- Conference: Independent
- Record: 2–5
- Head coach: William J. Young (1st season);

= 1911–12 William & Mary Indians men's basketball team =

American college basketball season

The 1911–12 William & Mary Indians men's basketball team represented the College of William & Mary in intercollegiate basketball during the 1911–12 season. The team finished the season with a 2–5 record.
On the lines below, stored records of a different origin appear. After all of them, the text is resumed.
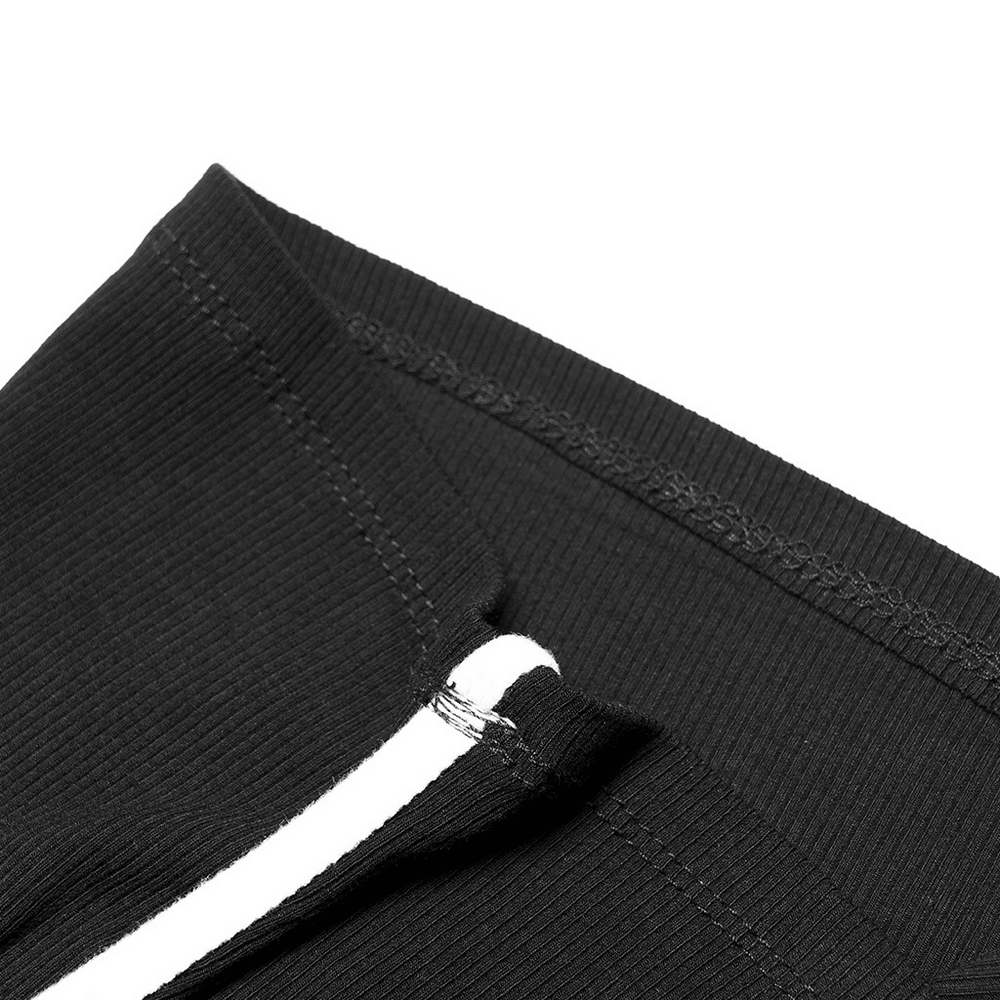 Close-up of the elegant elastic pit strip and stitching on a black camisole, showcasing fine design details.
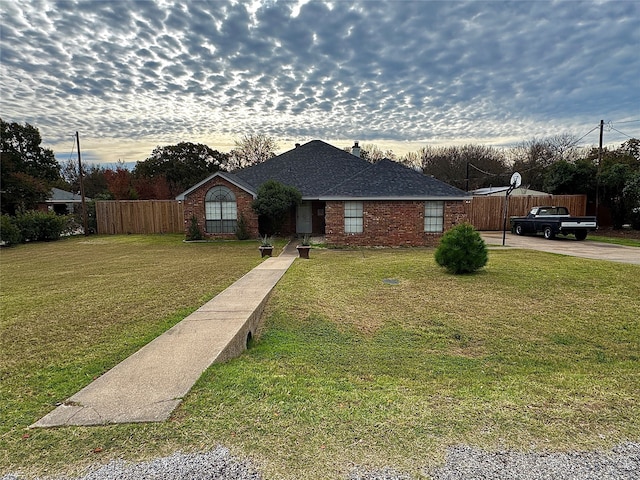 view of front of property with a yard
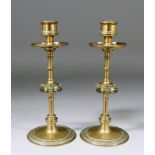 A pair of Victorian brass ecclesiastical candlesticks with drip pans and circular knops with clear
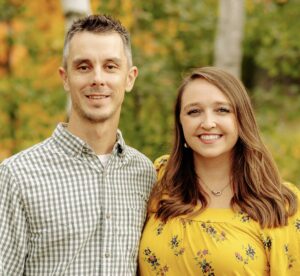 A man and woman posing in front of trees at the MC Fireside Chats on January 31st, 2024.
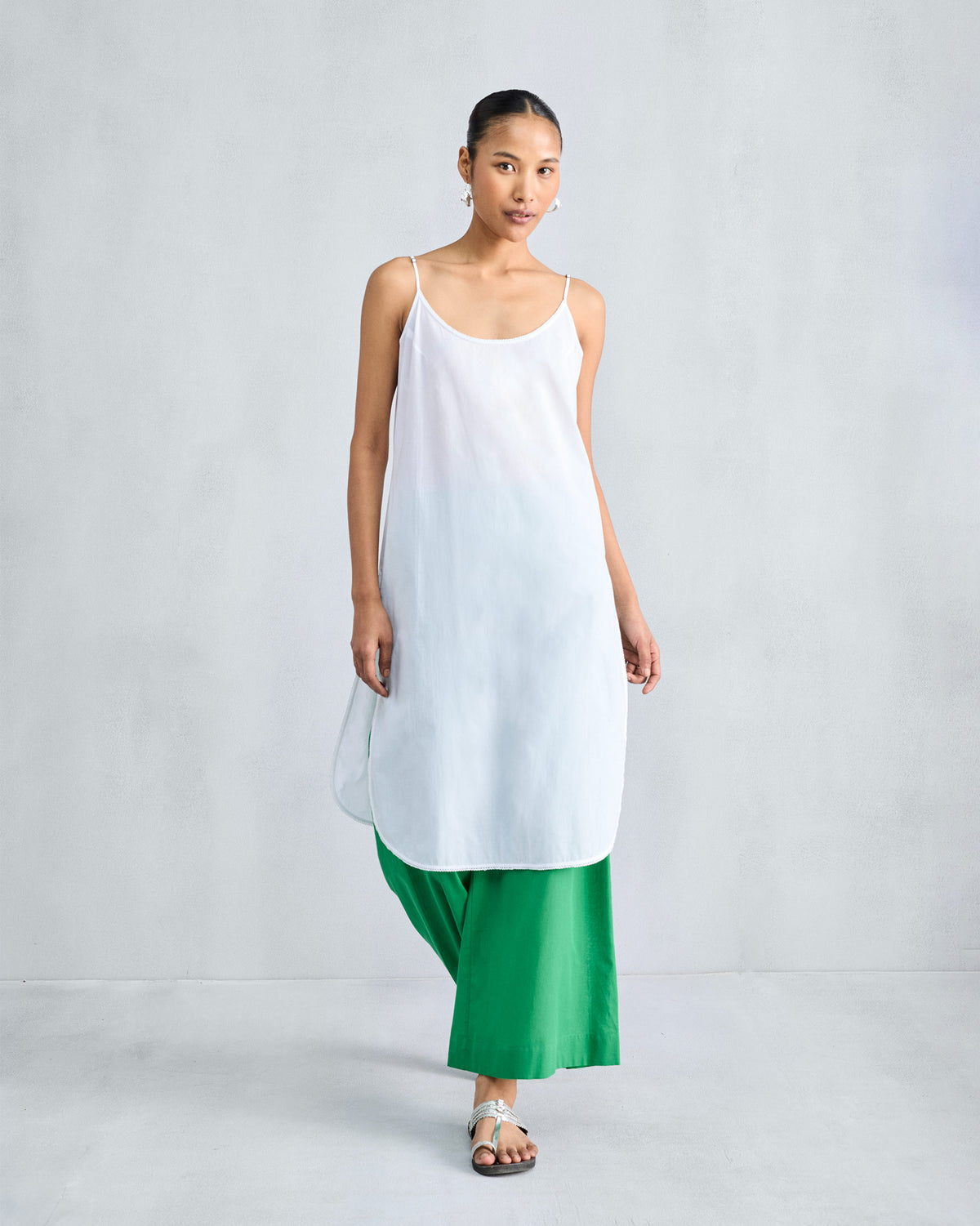 Person wearing a long white Vintage Camisole with a curved hem.
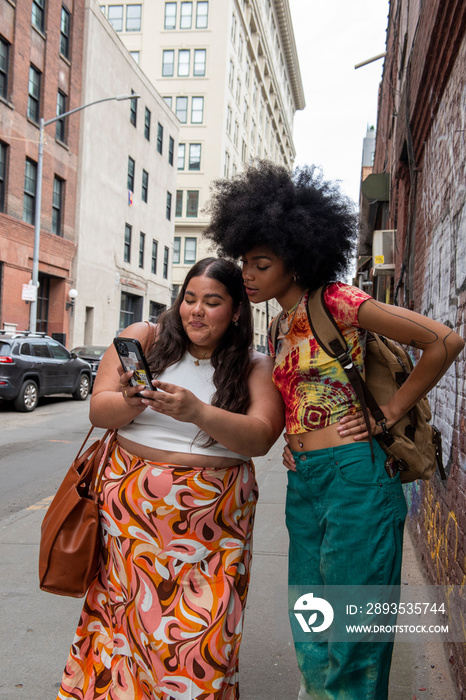 USA, New York City, Two women using phone in street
This was the seventh season in program history for William & Mary, whose nickname is now "Tribe."

==Schedule==

| Date time, TV | Rank^{#} | Opponent^{#} | Result | Record | Site city, state |
Regular season
| 1/11/1912* |  | Duke | L 16–53 | 0–1 | Williamsburg, VA |
| 1/12/1912* |  | at North Carolina | L 22–30 | 0–2 | Bynum Gymnasium Chapel Hill, NC |
| * |  | Wake Forest | L 4–31 | 0–3 | Williamsburg, VA |
| * |  | Fredericksburg Athletic Club | W 50–5 | 1–3 | Williamsburg, VA |
| * |  | Medical College of Virginia | W 41–2 | 2–3 | Williamsburg, VA |
| * |  | Randolph–Macon | L 13–26 | 2–4 | Williamsburg, VA |
| * |  | Randolph–Macon | L 11–42 | 2–5 | Williamsburg, VA |
*Non-conference game. ^{#}Rankings from AP Poll. (#) Tournament seedings in parentheses.